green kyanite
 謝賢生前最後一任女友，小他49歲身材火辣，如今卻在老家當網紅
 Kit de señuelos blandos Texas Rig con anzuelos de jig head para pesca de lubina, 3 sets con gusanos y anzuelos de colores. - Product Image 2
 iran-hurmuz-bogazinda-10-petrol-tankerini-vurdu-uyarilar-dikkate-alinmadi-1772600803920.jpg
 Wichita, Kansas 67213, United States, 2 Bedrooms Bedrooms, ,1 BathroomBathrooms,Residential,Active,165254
◆ ◆ ◆
Problem to solve: From the line that contains "謝賢生前最後一任女友，小他49歲身材火辣，如今卻在老家當網紅" down to the last line above, print each line exactly as it appears.

Expected answer:
 謝賢生前最後一任女友，小他49歲身材火辣，如今卻在老家當網紅
 Kit de señuelos blandos Texas Rig con anzuelos de jig head para pesca de lubina, 3 sets con gusanos y anzuelos de colores. - Product Image 2
 iran-hurmuz-bogazinda-10-petrol-tankerini-vurdu-uyarilar-dikkate-alinmadi-1772600803920.jpg
 Wichita, Kansas 67213, United States, 2 Bedrooms Bedrooms, ,1 BathroomBathrooms,Residential,Active,165254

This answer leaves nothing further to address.